Nos aterramos, con razón, frente a la imágenes terribles de los ataques terroristas contra las Torres Gemelas de Manhattan y de los bombardeos despiadados contra Afganistán, pero nos hemos acostumbrado a ver los pueblos destruidos con pipetas de gas y los cadáveres de campesinos masacrados, desde infantes hasta ancianos, a pocos kilómetros de donde estamos tranquilamente frente al televisor o junto al radio.

La avalancha de Armero, el desastre de origen natural que más muertos ha causado en el país, se llevó la vida de veinte mil seres humanos, la mitad de las personas que mueren asesinadas cada año en Colombia. Con el agravante, de que en el caso de Armero, pueden haber mediado la ignorancia o el descuido de las autoridades que oportunamente debieron ordenar la evacuación, pero definitivamente, nadie tuvo la intención de acabar con esas vidas humanas. En cambio, en el caso de los cuarenta mil asesinados, alguien ha querido, de manera expresa y consciente, que esas personas abandonen el planeta por la fuerza.

Uno de los grandes logros de la tecnología humana es el desarrollo de dispositivos electrónicos que, todavía de manera rudimentaria, les devuelven a los ciegos la capacidad de percibir algunas formas y algunos contrastes de luz _ todavía no la capacidad de ver _ y a los sordos la capacidad de oír. O prótesis que les reemplazan a los mutilados las piernas o los brazos perdidos, con una gran aproximación a los miembros reales. O aparatos computarizados para regular el ritmo del corazón en pacientes que de lo contrario quedarían desahuciados. Instrumentos de altísimo costo, muy lejos todavía del alcance de la mayoría de los mortales y meras imitaciones de los órganos con que la naturaleza nos ha dotado a los seres humanos.
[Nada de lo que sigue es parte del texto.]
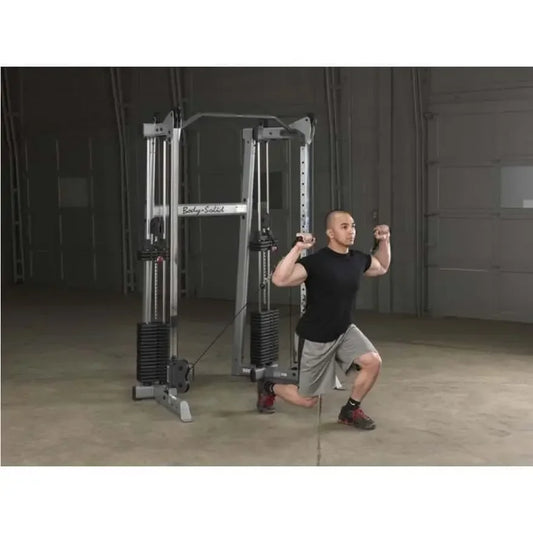 Mann trainiert mit Kraftstation im Homegym, Fitness-Kraftgeräte für effektives Training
Nada en comparación con el funcionamiento milagroso de los cuerpos, con su sabiduría biológica, con los resultados tangibles del trabajo realizado por la vida durante los cuatro mil millones de años que los seres vivos llevamos sobre el planeta Tierra.

Ninguna prótesis, por desarrollada que sea, se acera siquiera a cualquiera de esos cuarenta mil seres humanos que cada año caen asesinados en Colombia. Ninguna pierna artificial, por costosa que sea reemplaza las piernas mutiladas por las bombas antipersonales.

Ningún argumento justifica, ni devuelve la dignidad humana a quienes se lucran con el negocio del secuestro o de la muerte, ni a quienes propician o son agentes directos de masacres y desplazamientos.

En un escenario como el de Colombia hoy, los cuatro pilares o ingredientes que propone Lin Yutang: la curiosidad y los sueños, o sea la creatividad, el humor, que nosotros equiparamos a la humildad y la libertad, son necesarios pero no suficientes para recuperar la dignidad humana.

No podemos darnos el lujo de esperar a que nos venga de afuera. Si somos pequeños dioses, si dentro del cráneo de cada uno de los hombres y mujeres que nos llamamos colombianos, existe un cerebro con tantas neuronas como galaxias tiene el Universo, y si cada uno de nosotros tiene un par de manos y cinco o más sentidos en cuyo perfeccionamiento la vida se ha tomado cuatro mil millones de años, tenemos que estar en capacidad de realizar ese milagro.

Muy seguramente, ese milagro no será el resultado de un acto de magia deslumbrante, sino la suma dinámica y sinérgica de una cantidad de músculos prodigiosos de solidaridad y de esperanza en contra de todas las evidencias aniquiladoras, protagonizados por los hombres y las mujeres de Colombia que asumamos de verdad el reto de convertirnos en militantes de la vida. Por eso:

Esos pequeños milagros ya ocurren todos los días en las ciudades y en los campos colombianos, de lo contrario, ya se había derrumbado el país. Pero tenemos el reto de que la sinergia entre esos pequeños milagros, es decir, de la energía sumada de las voluntades que los logran y de las lecciones de sus resultados, surja el gran milagro que transforme el futuro país.